ISBN: 978-83-65958-29-7

IMAGE: B2906.jpg
BUYNOW: tinyurl.com/y2734kba
LINKS:  
DESCRIPTION: The publisher has developed from a background of publishing fine 
books for model engineers and model makers, and books with a specific Polish 
background. This new title is one of their very fine Green Series histories with a 
high image content, detailed text and some specially commissioned full colour 
sketches, of special interest to modellers and armour enthusiasts –   Very Highly 
Recommended

It is interesting to compare this book with a new book on the Chieftain from the Pen 
and Sword Tank Craft Series. Model and armour enthusiasts will undoubtedly wish 
to purchase both books because they compliment each other. It is interesting because 
MMPBooks come from a modelling background and Pen and Sword comes from a 
solid military history background. In their coverage of this subject they have almost 
crossed over.

Britain has had a somewhat chequered history in the design and development of 
armour. Britain pioneered the use of infantry tanks during WWI. Their code name 
for their first armoured vehicles became the internationally popular name for all 
armoured fighting vehicles. The British perspective was ironically based in Royal 
Navy perspectives and the tank was seen as a way of neutralizing the trenches of a 
stagnated war of attrition, with a capability to take on any enemy copies in much the 
same way as warship engagement. As a result, the classic early British tank with its 
lozenge shape, tracks running around on each side, armour plate, semaphore 
signalling and sponson mounted armament had more connection with naval practice 
than Army preferences. However, the British rapidly learned to deploy tanks in 
large formations. The French took a different approach with their smaller, faster, 
machine gun armed Renault tanks.

After WWI, many countries began looking at the tank as an important part of any 
modern army and some very diverse ideas were followed, including tanks with 
several turrets, various forms of track and suspension and many attempts to develop 
new tactics. Ironically British and French soldiers proposed the use of armour in a 
fast moving mechanized all-arms formation, but failed to convince their masters of 
their ideas which were picked up by the Germans and used to revolutionize land 
warfare.

The British continued their preoccupation with infantry tanks, but also developed 
faster 'cruiser' tanks and light tanks/tankettes. By the start of WWII, the British Army 
was equipped with cruiser tanks in very small numbers, excellent infantry tanks, the 
Matilda, and very useful light armoured vehicles in the form of the Universal Carrier 
or Brengun Carrier, in slightly better numbers. Overall, the BEF went to France with 
inadequate numbers of armoured vehicles and the only occasion when they assembled 
enough tanks at Arras they seriously worried the Germans and caused them severe 
damage and delay, buying time for the Dunkirk Evacuation. The Matilda tanks proved 
more than a match for the German tanks and, on this occasion, were used with tactics 
similar to the German tactics.

As WWII progressed, the British continued to produce their own tank designs and 
excelled in special tanks, or 'funnies', that were designed to undertake engineering 
tasks and to swim ashore. However, the bombing of British factories, and the need 
to bring materials in by sea, meant that it was preferable to buy large numbers of US 
tank designs that were technically less effective than the German armour of the 
period, but won on numbers. The British also enhanced US tanks by equipping them 
with swimming capabilities and fitting more powerful guns that could take on the 
best German tanks. The British also developed tanks that could carry bridging 
equipment, destroy minefields and take on concrete bunkers, recover damaged tanks 
for repair and return to battle and a growing range of other tasks. This was done 
with British designs and by modifying US tanks. In general, Britain kept up with the 
pace of technology even though they could not produce the numbers of tanks required.

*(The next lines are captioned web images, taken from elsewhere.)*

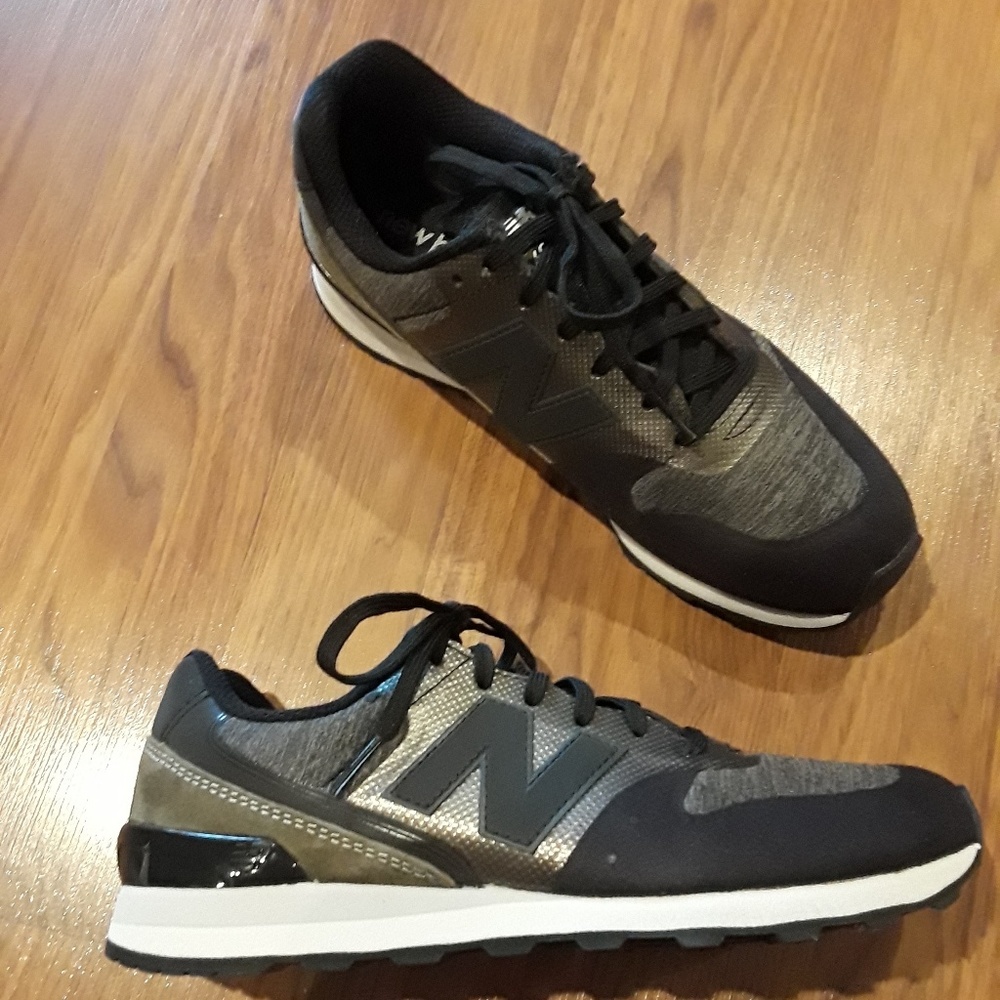 New Balance 696 - Brand New!!
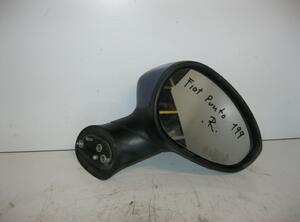 Control Throttle Blade FIAT Grande Punto (199), FIAT Punto Evo (199)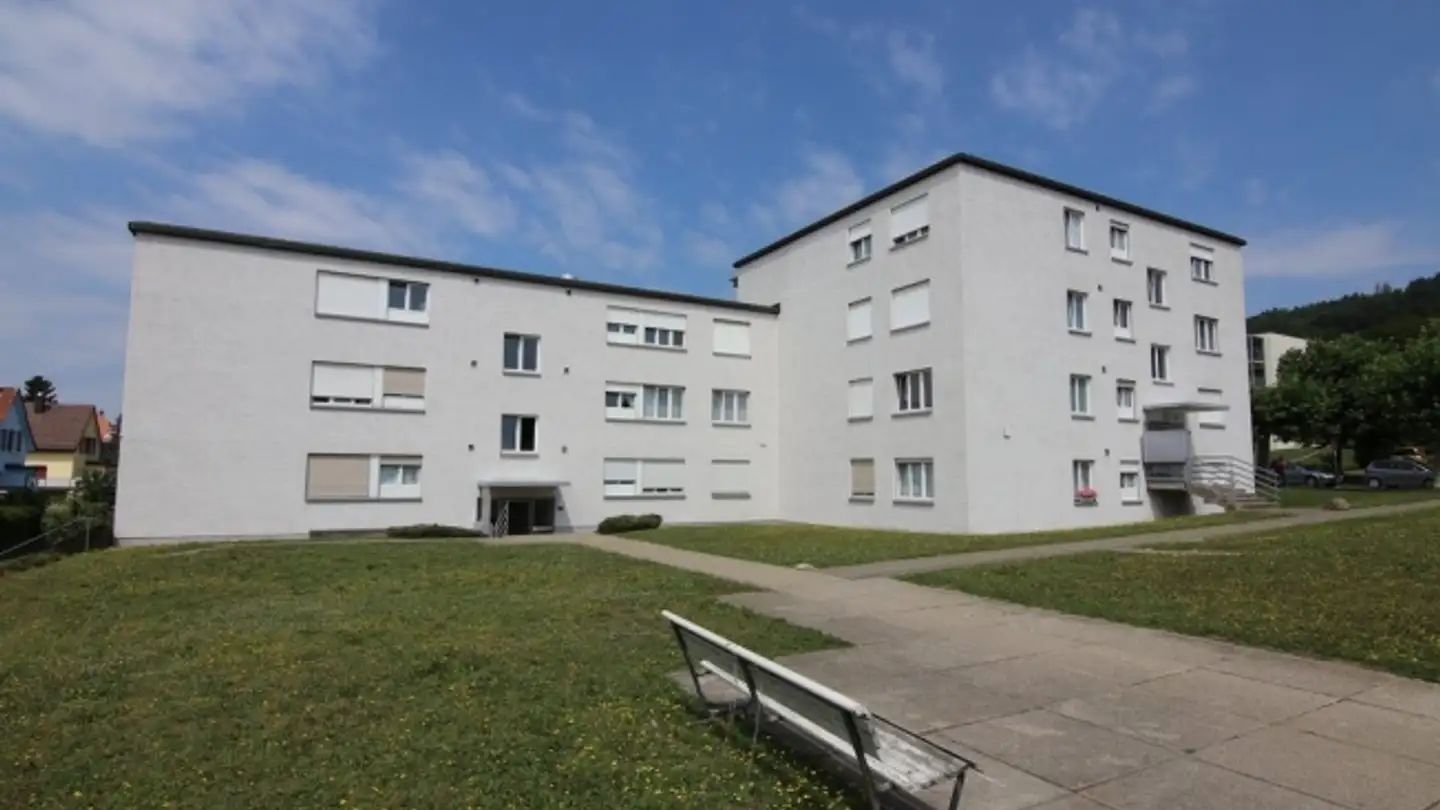 Single garage for rent - Im Haggenacher 28, 8103 Unterengstringen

Too late for action in WWII, the Centurion proved to be a very advanced and 
effective design that played an important part in the various hot actions of the Cold 
War. The Centurion was soon up-gunned from 75mm to 105mm and this new 
armament, together with its fire control equipment, proved highly successful, was 
the backbone of British armoured formations and served on both sides in the various 
Arab-Israeli and Arab-Iranian conflicts. Its main weakness was in combating the 
heaviest Soviet tanks, for which a 120mm gun was required. Initially, the British 
Army received a relatively small number of Conqueror tanks that were scattered 
amongst Centurion formations, with a 120mm gun to take out heavier Soviet armour 
but, unlike the Centurion, the Conqueror was ponderous and lacked the mobility 
really required. The Chieftain was developed to take the place of both types, with 
an advanced 120mm gun and fire control and a number of other pieces of advanced 
technology.

The author has provided a detailed history of the development work that resulted in 
the Chieftain. It was a design masterpiece although not without flaws, in part 
because it combined a number of advanced components increasing the potential for 
teething problems and delays. The text is supported by a large number of fine full 
colour images that also show some of the related equipment, for example a Stalwart 
amphibious truck simultaneously refuelling two Chieftain MBTs, and the various 
special role adaptations of the Chieftain, such as the AVRE. There are also some 
excellent line drawing and an Appendix for modellers of camouflage patterns with 
some specially commissioned coloured sketches.